Aim of the exercise
The line containing "T260黑色接收器[需联系客服确认版本再拍] 天彩激光翻页笔接收器配件" marks the start. Restate it and every following line through the end of the records exactly, and nothing else, leaving out the pictures.

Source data
'''
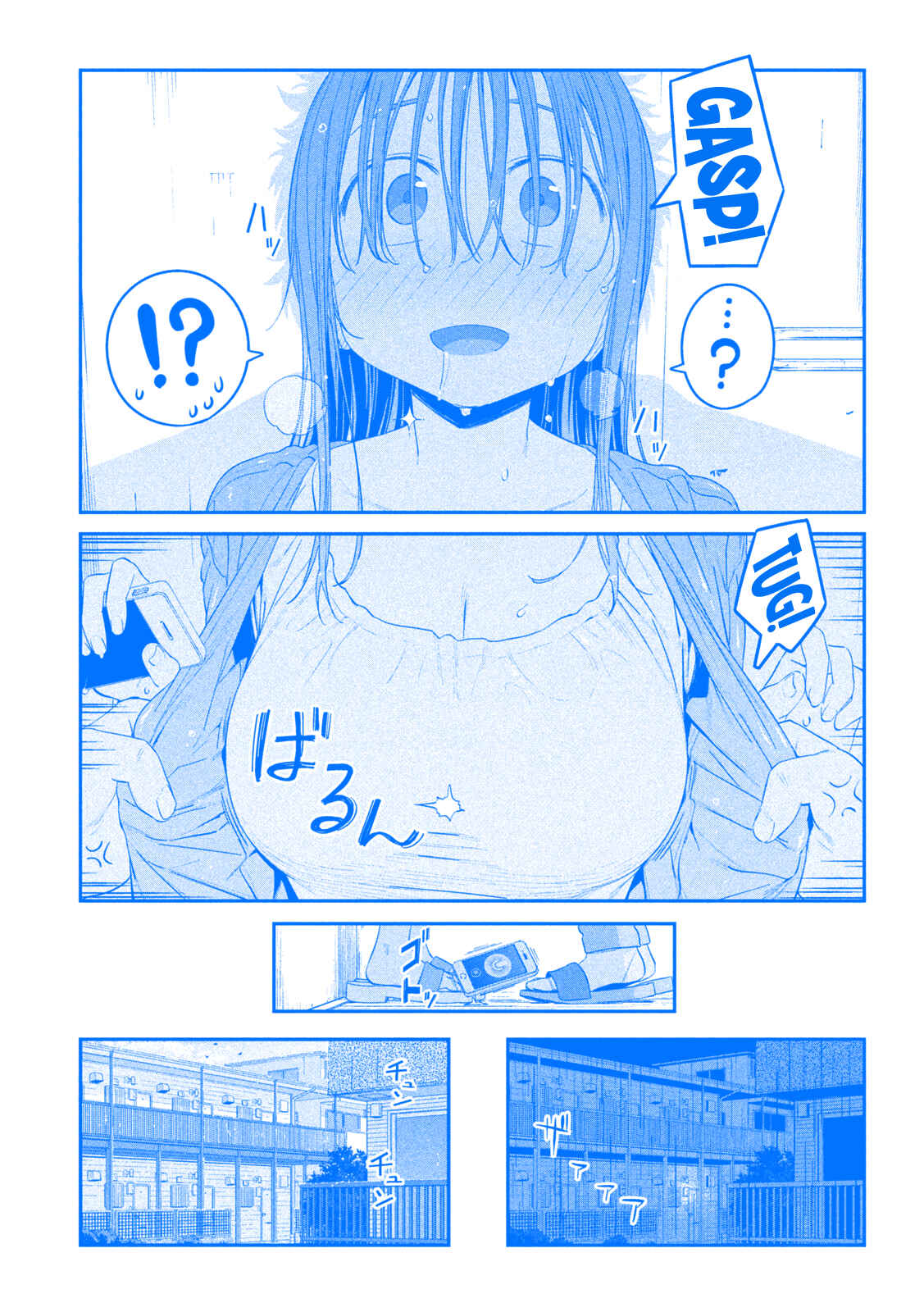 Chapter 27 - Page 16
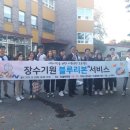 올림푸스한국㈜ 이미지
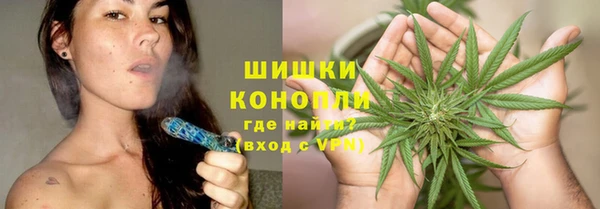 дурь Навашино
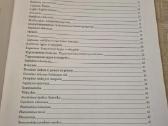Ruošk ir ruoškis matematikos egzaminui - nuotraukos Nr. 3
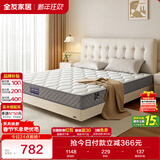 全友家居 进口天然乳胶床垫1.0x2米单人学生偏硬独立袋装弹簧床垫子
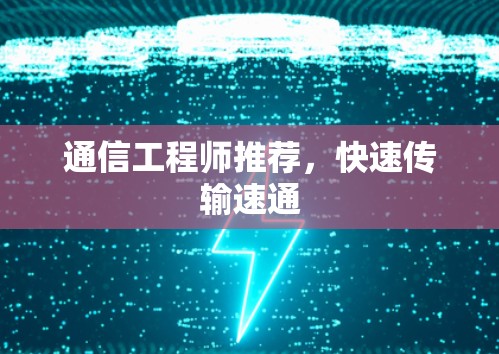 通信工程师推荐,快速传输速通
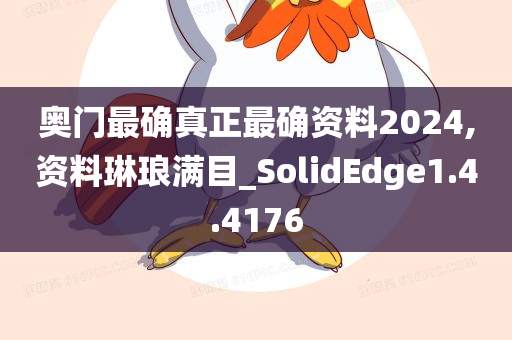 奥门最确真正最确资料2024,资料琳琅满目_SolidEdge1.4.4176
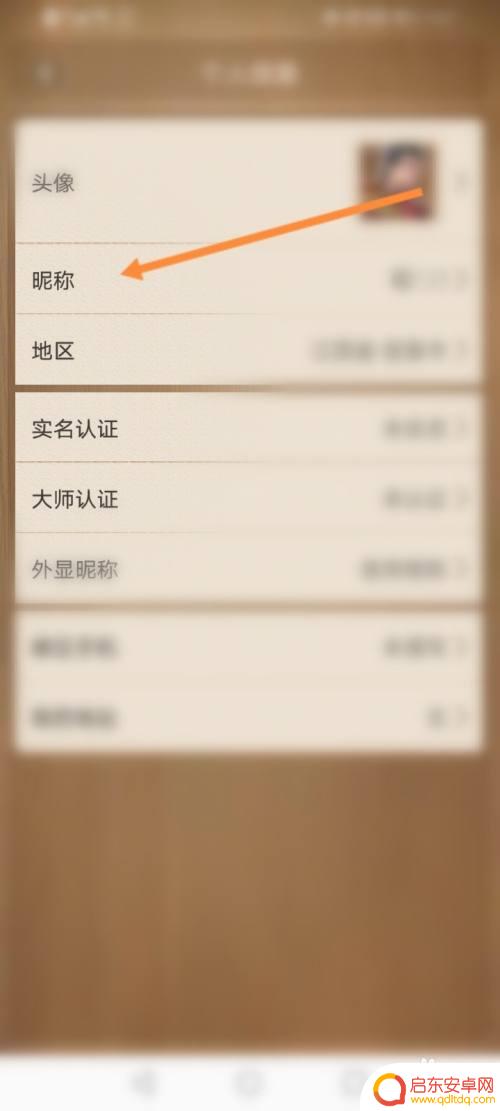 天天象棋怎么修改昵称 天天象棋修改昵称教程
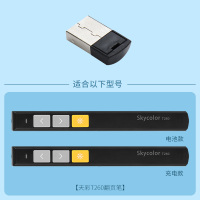 T260黑色接收器[需联系客服确认版本再拍] 天彩激光翻页笔接收器配件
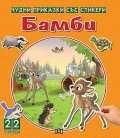 Чудни приказки със стикери: Бамби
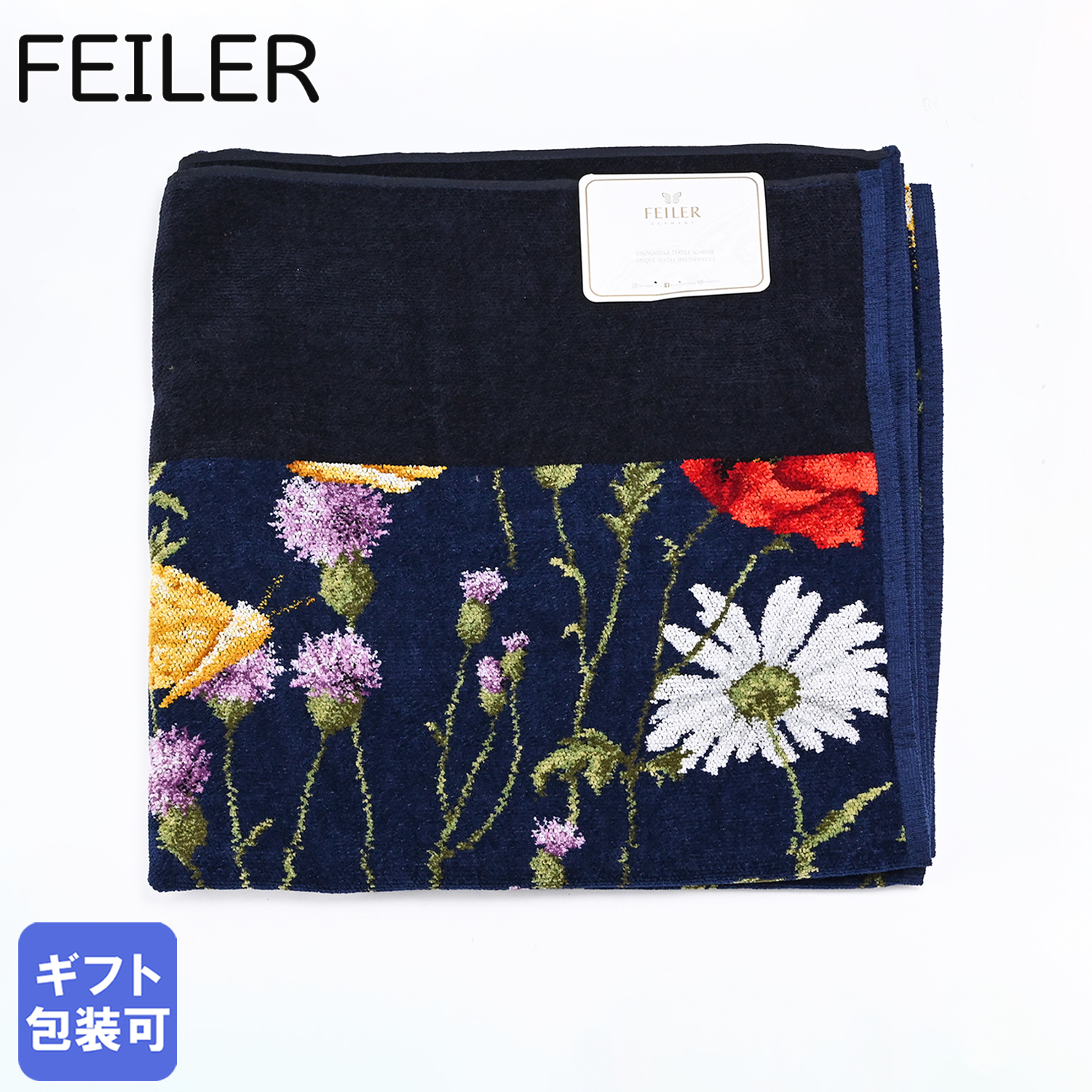 フェイラー FEILER バスタオル 150cm×75cm Daisy Field Blue デイジー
'''
Your solution
 T260黑色接收器[需联系客服确认版本再拍] 天彩激光翻页笔接收器配件
 Чудни приказки със стикери: Бамби
 フェイラー FEILER バスタオル 150cm×75cm Daisy Field Blue デイジー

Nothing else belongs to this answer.